Did you know that Sandy Springs applies for federal Community Development Block Grants (CDBG) that are primarily designed to assure “fair housing” for all, and are intended to benefit low and moderate-income families?
Well, now you do.
And every five years, the city of Sandy Springs must submit an “Analysis of Impediments”, which evaluates how we are doing in regards to housing affordability, and outlines what the impediments are to providing fair and affordable housing in Sandy Springs.
So, What’s the Problem?
Our city first applied for CDBG funding back in 2008. To qualify for the funds, our City Council declared Sandy Springs a “slum city”, using the demographics of our low-income working families.
These funds have been mainly used to build sidewalks. This was, in fact, a good thing due to the fact that the people that most often use the sidewalks are those that do not have automobiles.
But, there may be a better use for these funds that more directly benefit our city’s low to moderate-income residents in the long run.
Why Does It Matter Right Now?
Well, the city is about to go through the 2020 application process again. And, after putting together their assessment last November, it was open to “public comment” for 60 days, which closed on February 20.
As you might imagine, after reviewing their assessment, we were surprised by a few items. You can download our complete commentary on their report, below:
We are told that our comments about their assessment will be included in their report to city council on March 17.
What The City’s Plan Gets Wrong
- Ignores the impact that gentrification is having on the city’s socio-economic and racial diversity, displacement of over 2,500 residents (87% non white residents);
- Claims to be monitoring the situation to “ensure that redevelopment does not deplete the city’s affordable housing stock and that the existing affordable stock is preserved and protected” but does not acknowledge losing almost 1,000 affordable apartments;
- States that the city’s “Next Ten Plan” is for the benefit of the lower & moderate-income families while the “Next Ten” really encourages the redevelopment of thousands of apartments resulting in massive displacement to the people that currently live there.
What Should Happen Next
For starters, the city of Sandy Springs should revise their report to take into consideration the contradictions and discrepancies that we outlined in our suggestions to them.

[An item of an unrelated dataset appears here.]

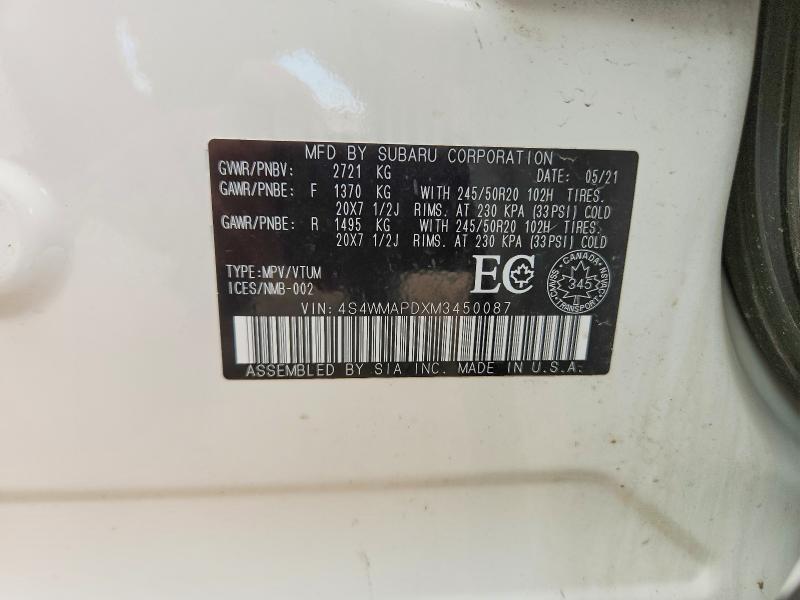 58371476 :رقم المزاد ، 4S4WMAPDXM3450087 vin ، 2021 Subaru Ascent مزاد بيع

Second, after several years of being primarily used for sidewalks, it’s time that the city re-evaluate how these CDBG funds are being used to see if there are other ways to more directly benefit low-and-moderate-income families.
What might that look like? How about taking into consideration the rising rents and increased traffic congestion and conducting an in-depth housing affordability study and making plans to keep our housing affordable?
Within the past year, the city has put out two RFP’s to revitalize the under-used shopping centers, a plan for parks, and a contract to build the beginning of a walking/trail system.
But, it is just “talking” about a housing study. Talking?
We need more than talk. A comprehensive study would be a worthwhile investment, and more directly benefit families that are in need of the CDBG funds.